VCR.py: monkey patch all HTTP functions and record interactions, so that the second time we run a test we can use canned responses and avoid the network.
CCiW email tests: monkey patch Django’s Atomic decorator and mail sending functions to ensure we are using “queued email” appropriately inside transactions.
Lots of tricks in django-tagulous to improve usability for developers.
numba: JIT compile and run your Python code on a GPU with a single decorator.
drf-spectacular: iterate over all endpoints in a DRF project, introspecting serializers and calling methods with dummy request objects where necessary, to produce an OpenAPI schema.
In the stdlib, @total_ordering will look at your class and add missing rich comparison methods.
depending on an environment flag, automatically wrap all UI test cases in a decorator that takes a screenshot if the test fails.

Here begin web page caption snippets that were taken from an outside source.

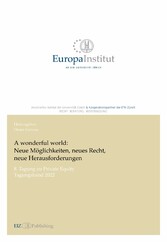 A wonderful world: Neue Möglichkeiten, neues Recht, neue Herausforderungen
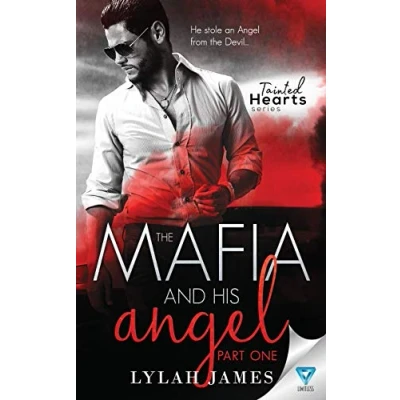 Abbildung von The Mafia And His Angel: Part 1 (Tainted Hearts Series, Band 1)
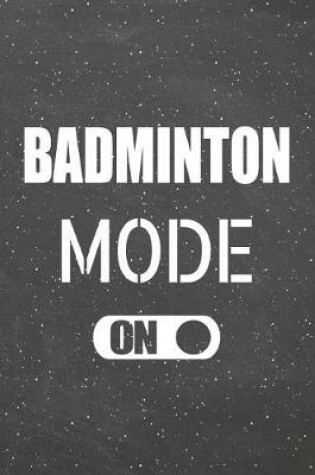 Cover of Badminton Mode On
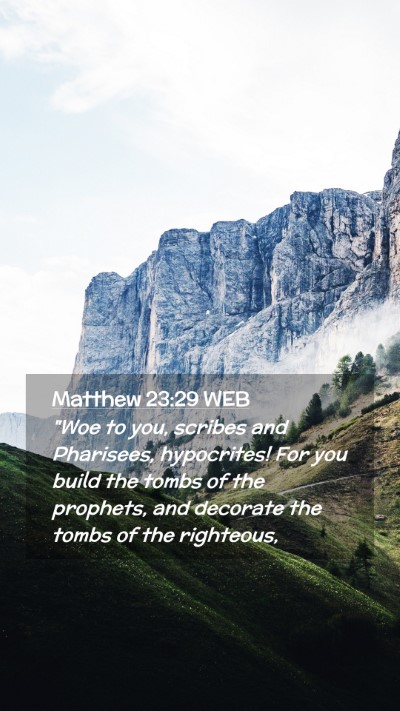 Picture 02 - Matthew 23:29 WEB Mobile Phone Wallpaper - 
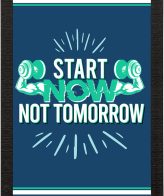 Start Now, Not Tomorrow Gym  Motivational Quote Satin Matt Texture UV Art Digital Painting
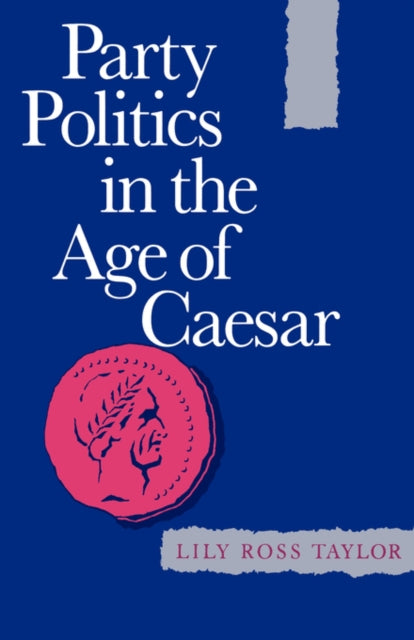 Book cover of: Party Politics in the Age of Caesar. By: Lily Ross Taylor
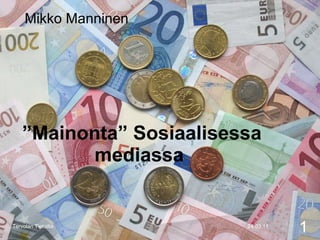 ” Mainonta” Sosiaalisessa mediassa  24.03.11 Tervolan Tietoilta Mikko Manninen  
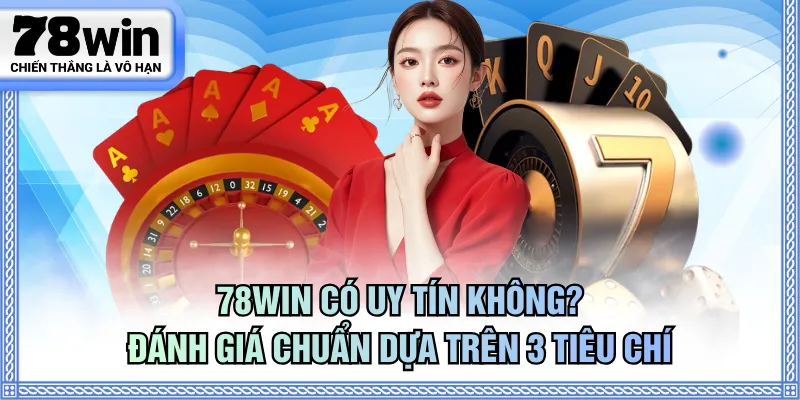 78WIN có uy tín không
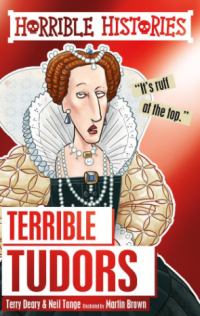 Horrible Histories: Terrible Tudors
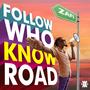 Follow Who Know Road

EDIT: And some more I discovered after publishing this post, which look interesting:
Why don’t we talk about these much? I think a large part of the answer is that the Python community cares about solving problems, and not about how clever your code is. Clever code, in fact, is looked down on, which is the right attitude – cleverness for the sake of it is always bad. Problem solving is good though. So libraries and projects that do these things don’t tend to brag about their clever techniques, but the problem that they solve.
Also, many libraries that use these things wrap them up so that you don’t have to know what’s going on – It Just Works. As a newbie, everything about computers is magical and you have to just accept that that’s how they work. Then you take it for granted, and just get on with using it.
On the other hand, for the implementer, once you understand the magic, it stops being magic, it’s just a feature that the language has.
Either way, pretty soon none of these things count as “hyper programming” any more – in one sense, they are just normal Python programming, and that’s the whole point: Python gives you super powers which are not super powers, they are normal powers. Everyone gets to use them, and you don’t need to learn a different language to do so.
Perhaps we do need to talk about them more, though. At the very least, I hope my examples have sparked some ideas about the kinds of things that are possible in Python.